(Scraped caption text data)
=== Section Start ===
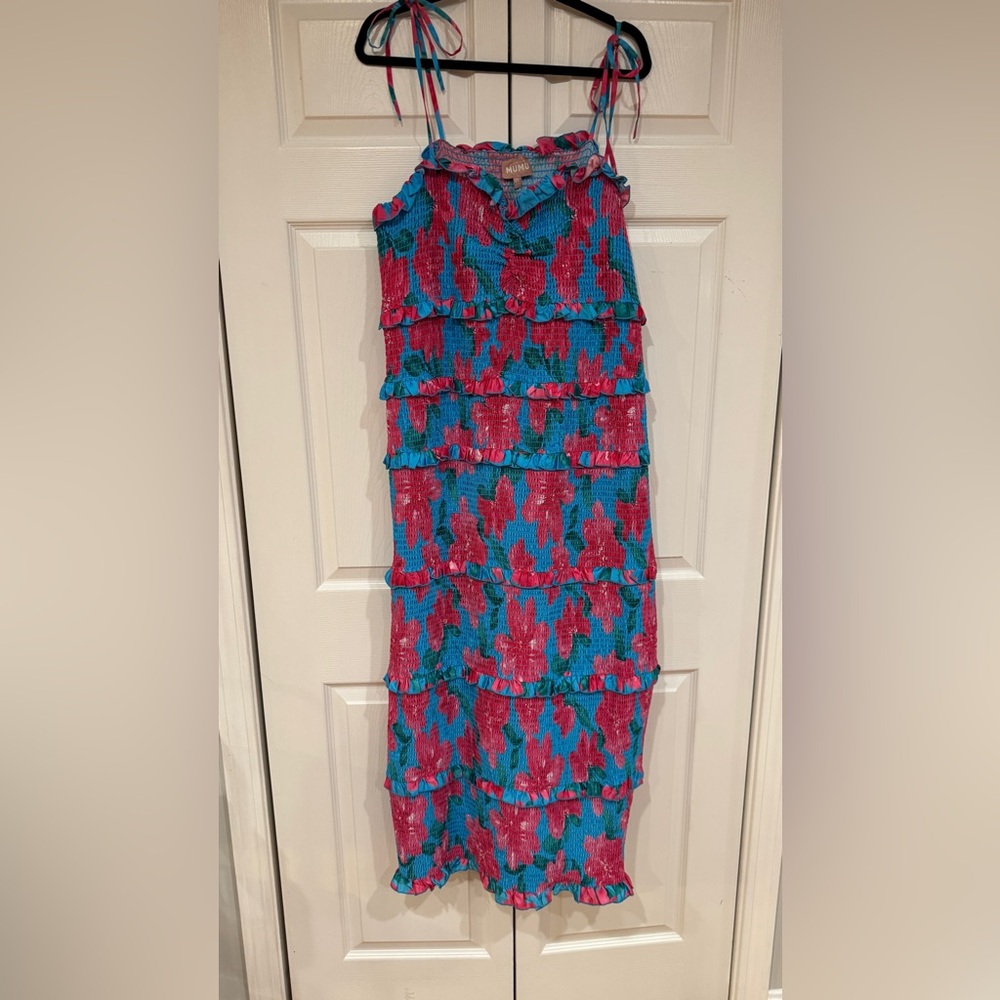 Floral Patterned Skirt - Pink and Blue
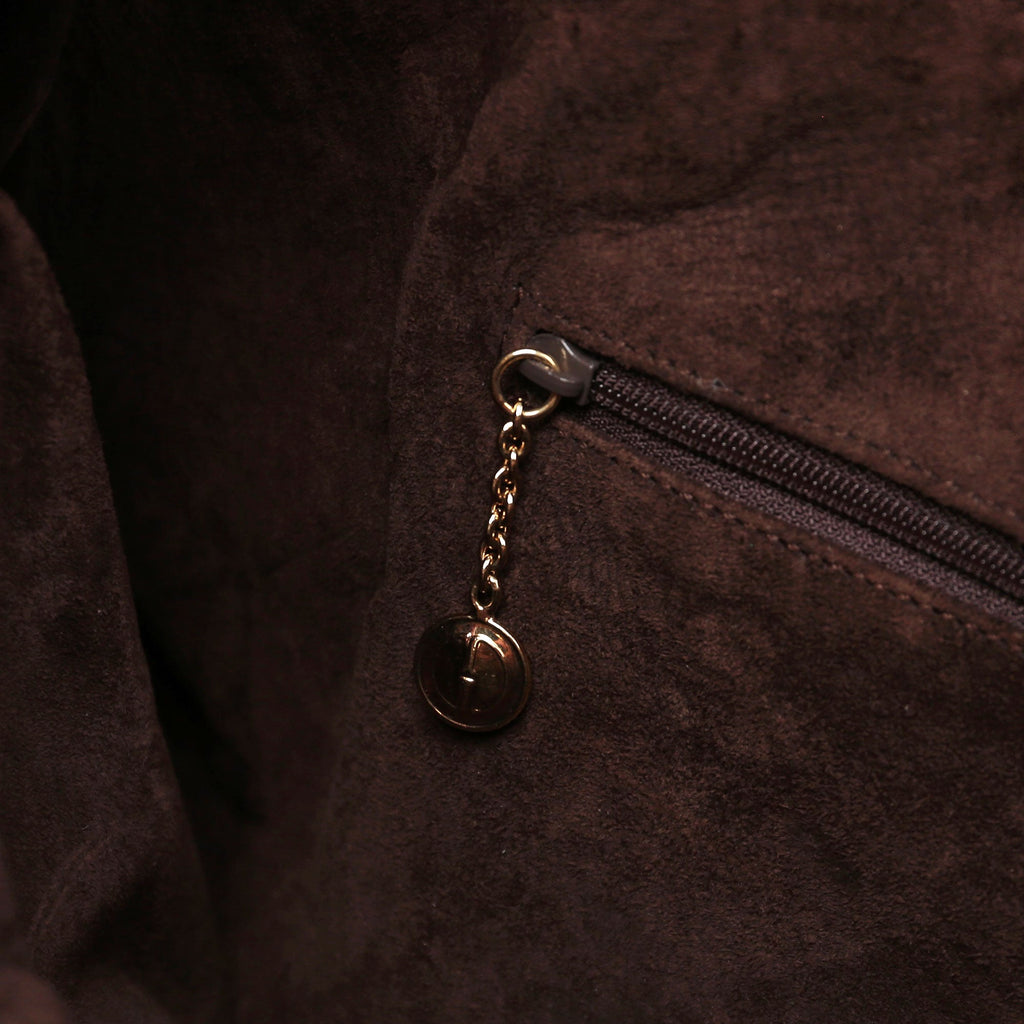 1996 Large Brown Woven Bamboo 2-Way Bag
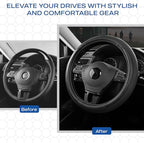 Skechers Steering Wheel Cover Memory Foam,Luxury Leather Steering Wheel Covers,Universal Anti-Slip Fit 14" 1/2-15" Car Wheel 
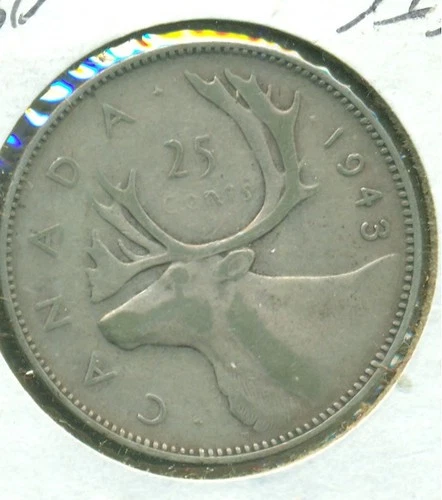 1943 CANADIAN SILVER 25c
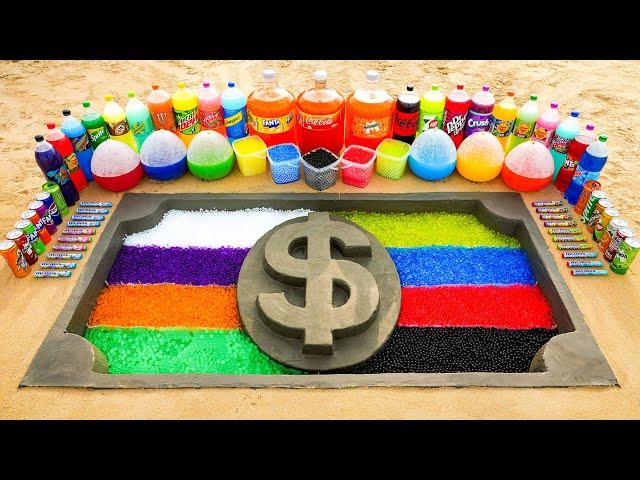 How to make US Dollar Logo with Cement & Orbeez Rainbow Mixing Coca Cola, Fanta, Mirinda vs Mentos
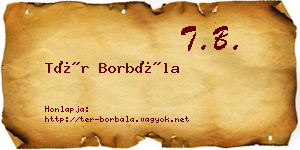 Tér Borbála névjegykártya
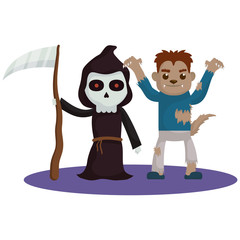 little kids with death and werewolf costumes characters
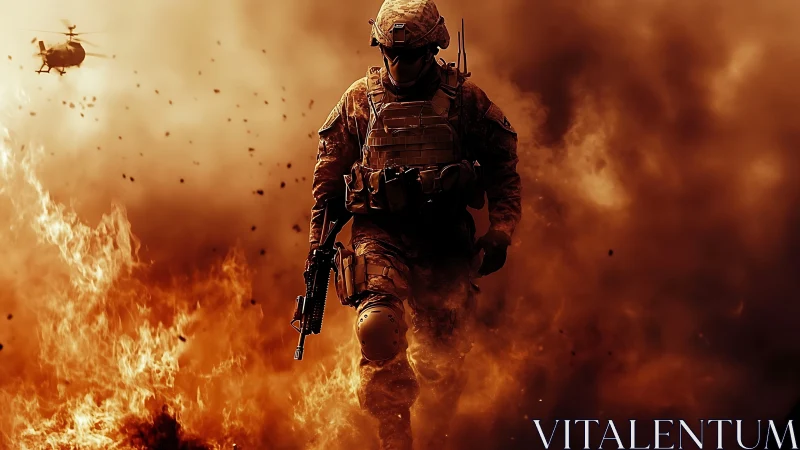 Battle-hardened soldier strides through raging battlefield fire.
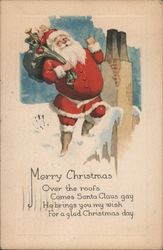 Santa on a Snowy Rooftop Postcard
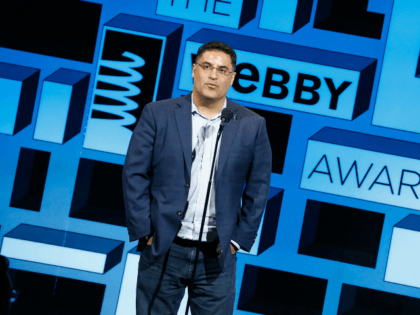 Columnist Cenk Uygur speaks on stage at the 19th Annual Webby Awards on May 18, 2015 in New York City. (Photo by Brian Ach/Getty Images for Webby Awards)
=== Section End ===
INSTRUCTIONS FOR THE TASK: Return every entry word for word, minus the pictures.

OUTPUT FOR THIS TASK:
 Floral Patterned Skirt - Pink and Blue
 1996 Large Brown Woven Bamboo 2-Way Bag
 Skechers Steering Wheel Cover Memory Foam,Luxury Leather Steering Wheel Covers,Universal Anti-Slip Fit 14" 1/2-15" Car Wheel 
 1943 CANADIAN SILVER 25c
 How to make US Dollar Logo with Cement & Orbeez Rainbow Mixing Coca Cola, Fanta, Mirinda vs Mentos
 Tér Borbála névjegykártya
 little kids with death and werewolf costumes characters
 Battle-hardened soldier strides through raging battlefield fire.
 Santa on a Snowy Rooftop Postcard
 Columnist Cenk Uygur speaks on stage at the 19th Annual Webby Awards on May 18, 2015 in New York City. (Photo by Brian Ach/Getty Images for Webby Awards)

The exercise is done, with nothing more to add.